You'd be surprised what kids in other countries do "know" about the US. Little boys want to grow up to be pro wrestlers (at least boys in India who didn't even have televisions did). Little girls dream of Barbies, baby dolls, etc.

I spent 7 months teaching in India through a fellowship at the college I went to. We were there from August through the end of March (1996-1997) and I spent Christmas there. We decorated a leafy "tree" (it was actually a big branch that came off a huge tree) with candy wrappers folded into ornaments, gum foil, and even some colored cellophane from food packaging. Presents included candy (a small bag of hard candy for everyone), some special snacks, and maybe a new outfit for each member of the family. That was it.

Seeing how resourceful others have to be and how thankful they are for so much less is sobering, but I feel immensely grateful that I had the opportunity to see how most of the world is living. It truly changed how I view the world and my place in it.

debby said...

Beautiful thoughts, Chris. I just turned in my Christmas box this morning. I think about this stuff a lot. Every time I let the shower run a little longer just for the luxury of it, I think about people who didn't have clean water to drink today. It is terrible problem in our world today.

99ToGo said...

So now I don't feel so bad about having a breakdown in my own Walmart a couple of years ago...We weren't sending shoeboxes to 3rd world kids, but to (comparably wealthier) children in our local foster care system.

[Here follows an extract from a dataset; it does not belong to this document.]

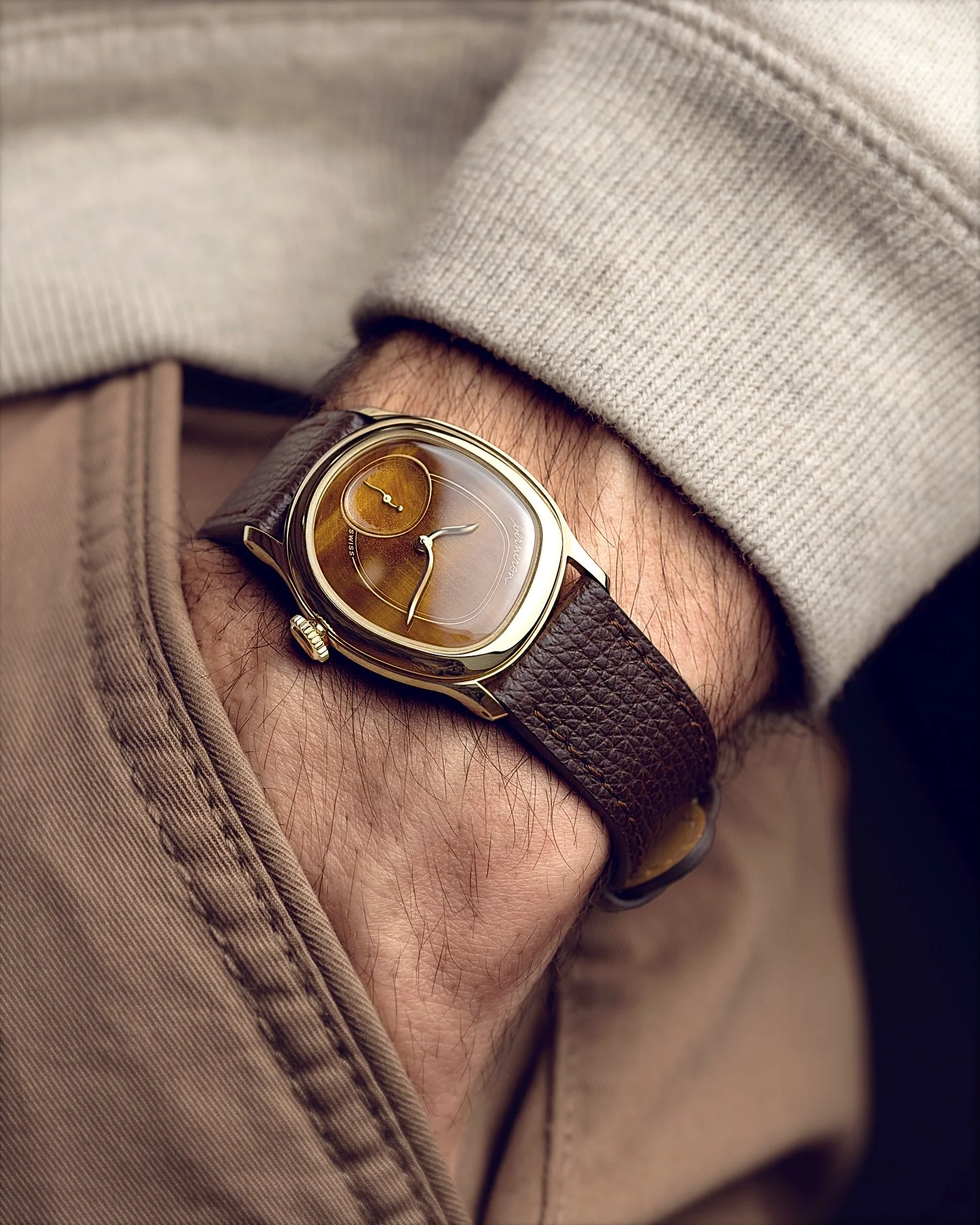 &bull; Mirage Tiger Eye
We are strong advocates for the return of smaller case sizes to men's wrists. For many decades, 30-35mm cases were the norm, particularly for dress watches, which are legible at this size and simply don't need to be larger.
Le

At first I walked in and looked around to find something mice, but cheap. I picked over a few things that were requested and balked at their prices. Then I thought about how our "child" would feel about bringing the new gift to school after the new year. Would she be proud? Made fun of? More fully aware of what she lacked compared to the other kids with permanent homes whose parents went all out on their Christmas shopping?

Because we do that. We spoil our girls senseless and so do their grandparents, and pathetic me was standing in that aisle trying to go cheap.

Then I started crying and tried to find items that would really brighten the day of the child we'd picked. And I didn't feel any better, because I still wondered how hard it must be for a little girl without her family to look out at a world of kids who 'have it all'. Stuff, sure. But more important, the love and stability that children deserve.

Heartbreak indeed.

Putz said...

all you guys kind of depress me today, so maybe i will go elsewhere

M Pax said...

It is good to learn to be grateful for what we have. All the little things we take for granted.

here I sit wondering what is an appropriate gift for my nieces who just lost their father or for my sister who just lost her best friend. I am hoping my presence is something they can't get anywhere else.

'Yellow Rose' Jasmine said...

Chris- thank you for writing about your experience with this. I went right to the website for Operation Christmas Child and found out where there was a church I could send a box through. I just couldn't get the idea of 'one box' out of my head and I felt compelled to do something. We will send two boxes ourselves and then I will collect some from friends. Again, thanks for telling of your experience. I am glad for the opportunity to do this as well.

cmoursler said...

wow @ yellow rose...
That is wonderful and makes me feel so much better. How awesome. Thank you.